Sunday, April 3, 2016

When Choice Modeling Paradigms Collide: Features Presented versus Features Perceived

What is the value of a product feature? Within a market-based paradigm, the answer is the difference between revenues with and without the feature. A product can be decomposed into its features, each feature can be assigned a monetary value by including price in the feature list, and the final worth of the product is a function of its feature bundle. The entire procedure is illustrated in an article using the function rhierMnlMixture from the R package bayesm (Economic Valuation of Product Features). Although much of the discussion concentrates on a somewhat technical distinction between willingness-to-pay (WTP) and willingness-to-buy (WTB), I wish to focus instead on the digital camera case study in Section 6 beginning on page 30. If you have question concerning how you might run such an analysis in R, I have two posts that might help: Let's Do Some Hierarchical Bayes Choice Modeling in R and Let's Do Some More Hierarchical Bayes Choice Modeling in R.

As you can see, the study varies seven factors, including price, but the goal is to estimate the economic return from including a swivel screen on the back of the digital camera. Following much the same procedure as that outlined in those two choice modeling posts mentioned in the last paragraph, each respondent saw 16 hypothetical choice sets created using a fractional factorial experimental design. There was a profile associated with each of the four brands, and respondents were asked to first select the one they most preferred and then if they would buy their most preferred brand at a given price.

The term "dual response" has become associated with this approach, and several choice modelers have adopted the technique. If the value of the swivel screen is well-defined, it ought not matter how you ask these questions, and that seems to be confirmed by some in the choice modeling community. However, outside the laboratory and in the field, commitment or stated intention is the first step toward behavior change. Furthermore, the mere-measurement effect in survey research demonstrates that questioning by itself can alter preferences. Within the purchase context, consumers do not waste effort deciding which of the rejected alternatives is the least objectionable by attending to secondary features after failing to achieve consideration on one or more deal breakers (i.e., the best product they would not buy). Actually, dual response originates as a sales technique because encouraging commitment to one of the offerings increases the ultimate purchase likelihood.

We have our first collision. Order effects are everywhere. It is one of the most robust findings in measurement. The political pollster wants to know how big a sales tax increase could be passed in the next election. You get a different answer when you ask about a one-quarter percent increase followed by one-half percent than when you reverse the order. Perceptual contrast is unavoidable so that one-half seems bigger after the one-quarter probe. I do not need to provide a reference because everyone is aware of order as one of the many context effects. The feature presented is not the feature perceived.
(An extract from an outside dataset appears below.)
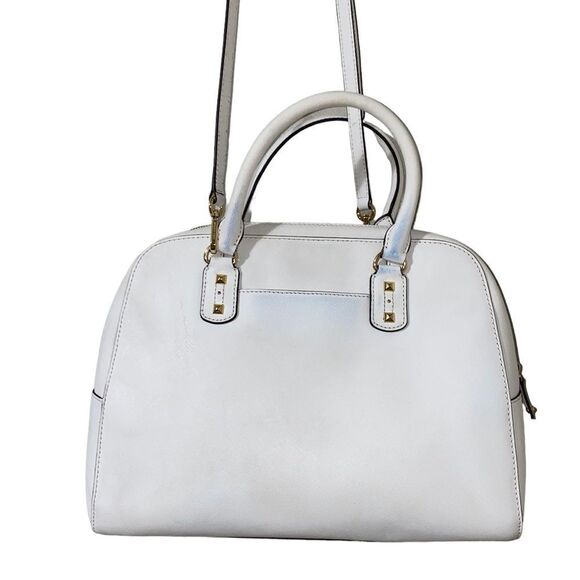 Michael Kors Selma Lg Studded saffiano leather Tote - Picture 4 of 16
Our second collision occurs from the introduction of price as just another feature, as if in the marketplace no one ever asks why one brand is more expensive than another. We ask because price is both a sacrifice with a negative impact and a signal of quality with a positive weight. In fact, as one can see from the pricing literature, there is nothing simple or direct about price perception. Careful framing may be needed (e.g., maintaining package size but reducing the amount without changing price). Otherwise, the reactions can be quite dramatic for price increases can trigger attributions concerning the underlying motivation and can generate a strong emotional response (e.g., price fairness).


At times, the relationship between the feature presented and the feature perceived can be more nuanced. It would be reasonable to vary gasoline prices in terms of cost per unit of measurement (e.g., dollars per gallon or euros per liter). Yet, the SUV driver seems to react in an all-or-none fashion only when some threshold on the cost to fill up their tank has been exceeded. What is determinant is not the posted price but the total cost of the transaction. Thus, price sensitivity is a complex nonlinear function of cost per unit depending on how often one fills up with gasoline and the size of that tank. In addition, the pain at the pump depends on other factors that fail to make it into a choice set. How long will the increases last? Are higher prices seen as fair? What other alternatives are available? Sometimes we have no option but to live with added costs, reducing our dissonance by altering our preferences.
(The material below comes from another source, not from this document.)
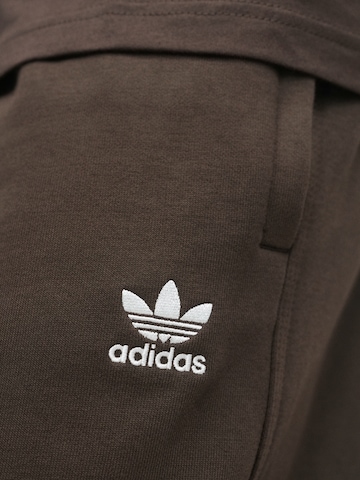 ADIDAS ORIGINALS Normální Kalhoty 'ESS' – hnědá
We see none of this reasoning in choice modeling where the alternatives are described as feature bundles outside of any real context. The consumer "plays" the game as presented by the modeler. Repeating the choice exercise with multiple choice sets only serves to induce a "feature-as-presented" bias. Of course, there are occasions when actual purchases look like choice models. We can mimic repetitive purchases from the retail shelf with a choice exercise, and the same applies to online comparison shopping among alternatives described by short feature lists as long as we are careful about specifying the occasion and buyers do not search for user comments.

User comments bring us back to the usage occasion, which tends to be ignored in choice modeling. Reading the comments, we note that one customer reports the breakage of the hinge on the swivel screen after only a few months. Is the swivel screen still an advantage or a potential problem waiting to occur? We are not buying the feature, but the benefit that the feature promises. This is the scene of another paradigm collision. The choice modeler assumes that features have value that can be elicited by merely naming the feature. They simplify the purchase task by stripping out all contextual information. Consequently, the resulting estimates work within the confines of their preference elicitation procedures, but do not generalize to the marketplace.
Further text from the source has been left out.